Development of independence
Some children with cerebral palsy may not develop full independence in activities such as dressing, eating/drinking, bathing, toileting and personal hygiene. Their mobility may also be restricted. Special equipment may be used for movement and positioning to help participation in these activities. The therapists can give advice on ways to help the child to participate maximally.
Some children with cerebral palsy have difficulty in learning to use speech. This may be associated with a general difficulty in learning to use and understand language, or primarily due to difficulty in controlling the co-ordination of the muscles of breathing and articulation.
Speech is one of many ways in which people communicate with each other. We all depend largely on the use of facial expressions, body language (movements associated with speech), eye movements and gestures to express ourselves. These are the foundations on which young babies begin to communicate long before speech is well developed.
The child with cerebral palsy should be encouraged to use all these aspects of communication together with vocalisation and speech to their fullest extent. It is important to avoid anticipating the child’s needs and preferences as much as possible, and to allow the child to express himself by using vocalisation, looking or pointing. In as many ways as possible, it is important to talk and play with all children and this is especially so for the child with cerebral palsy. Interactions should be two-way, with the child given time to participate in and initiate activities and conversations.

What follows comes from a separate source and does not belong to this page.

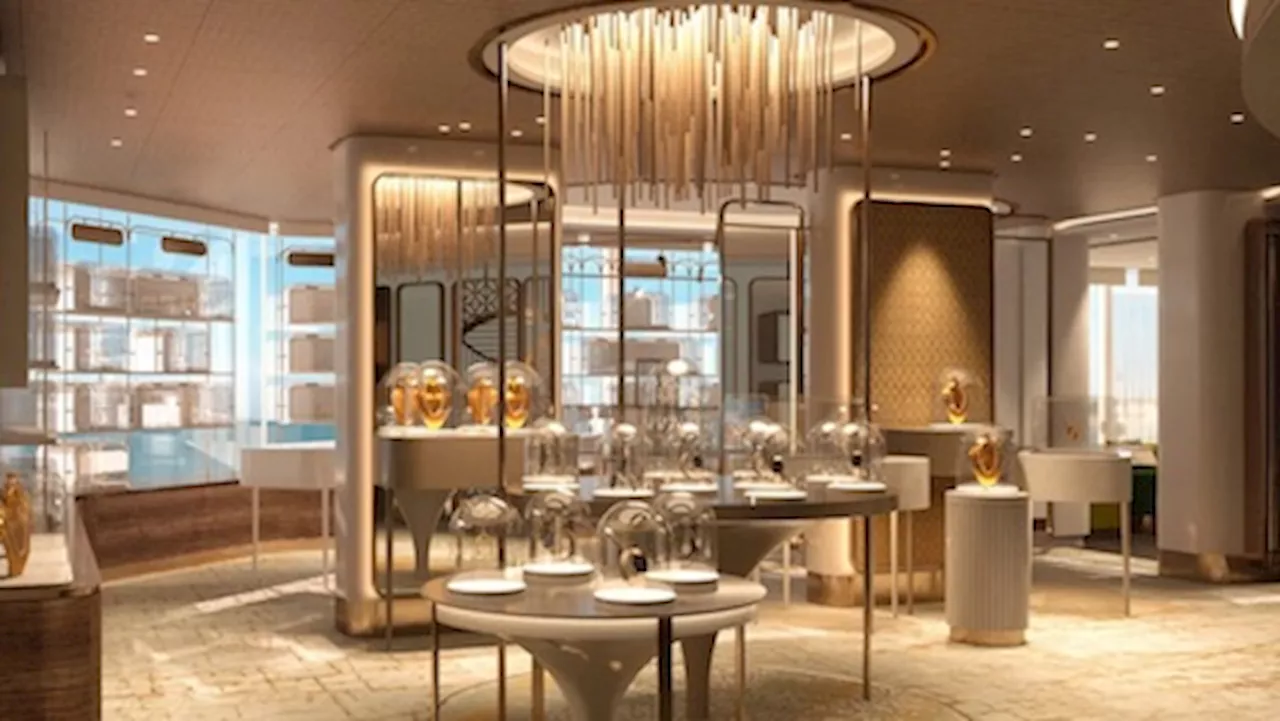 Cunard brings luxury retail experience to Queen Anne ship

A speech and language therapist can offer advice from the beginning to maximise all aspects of the development of communication. A child with limited speech development may be able to use quick eye pointing to communicate. Another child might communicate by the use of signing or pointing to symbols and pictures. These alternative ways of expression can help to reduce frustration of not being understood or heard, and often accelerate the development of speech and understanding of language.
Eating and drinking
The development of more mature eating and drinking skills is an important basis for the production of speech sounds.
Many children with cerebral palsy have difficulties in learning to eat and drink. With careful positioning and handling, it is possible to make meal times easier as well as more comfortable, sociable, less stressful and safe (so that the risk of food going down the “wrong way” is reduced).
It is common for children with cerebral palsy to be very sensitive to touch around their faces and inside their mouths. This, plus the need for a child to have a balanced diet, can make the meal times stressful and unpleasant socially. Some children can be fearful of meal times because early experiences have been painful or frightening.
As well as good positioning, the therapist can advise on the texture and presentation of food to help encourage more mature, efficient eating/drinking skills. It is also helpful for a child to put his fingers and toys into his mouth to build up tolerance to touch and reduce the level of over-sensitivity. Careful teeth cleaning also helps in this process.
The careful assessment and planning of meal times can be an enjoyable way of incorporating therapy into the routine of daily life.